Now I could go on a real tangent here about dress codes and how they are a restrictive function of the patriarchy and one of the most glaringly obvious functions of the inherent misogyny in modern society — because they overwhelmingly affect women, not men, and they hold the onus of responsibility for boy’s/men’s ability to function on women and girls and in the case of school settings, overtly sexualize children and detract from the learning processes of female children by interrupting their days and punishing them for the inferences and prejudices held by and being displaced upon them by the adults in charge and how ALL of it is a function of the greater rape culture of modernity … never mind how mass market fashion and the financial burden/social rewards of performative femininity also operate to further this dichotomy … but instead I’ll end the longest run-on sentence in the span of this blog with that I’m fortunate I had a mom that Did Not Take That Shit when in middle school one teacher (not even my teacher!) took offense to the shorts I was wearing, not accounting for the fact that (a) I’ve been this tall since 5th grade (b) I have VERY long legs (c) it was like 90°F in June in a school with no air conditioning and (d) there were only so many options for shorts for teen girls in the mid/late 90’s. They tried to send me home and my mom basically was like, fuck you and the horse you’re riding on YOU go take this tall child clothes shopping and find something that fits your standards and YOU buy it for her SEND HER BACK TO CLASS AND QUIT WASTING EVERYONE’S TIME and I never got shit for my shorts at school again, the end.

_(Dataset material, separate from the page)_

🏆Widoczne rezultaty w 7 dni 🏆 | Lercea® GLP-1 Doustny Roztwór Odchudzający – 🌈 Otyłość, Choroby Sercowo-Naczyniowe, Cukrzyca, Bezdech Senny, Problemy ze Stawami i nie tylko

So of course, in the meeting I had with my thesis adviser/internship director/professor where we finalized the details of my assistant teaching in Spring Semester, being who I am, I asked about the dress code. And because sociology, we talked briefly about the interesting intersection in higher education between appearing professional enough to be taken seriously by the students, but not being either too rigid or too casual so as to seem either inaccessible or as if you’re trying too hard and therefore not a serious authority. They said that based on what I’ve worn to class (which, for this one, is on the days I also work usually) I should be fine, but it still gave me a bit of pause. Mostly because I feel like this is my eternal struggle — dressing in a way that reflects my knowledgeably (in the realm of employment) but also is true to my sense of style (and self) so that I feel comfortable in my presentation and thereby am able to confidently perform my duties to my best ability.

Anyway, all of that is to say I’m working on finding that sweet spot a little more intentionally now and also I perform magic in these photos, and I don’t mean that I wore colors. Also now I kind of wish I’d chosen to do my thesis on fashion (there is already scholarship on it, trust) but I think I’m too far in it now to change. We’ll see.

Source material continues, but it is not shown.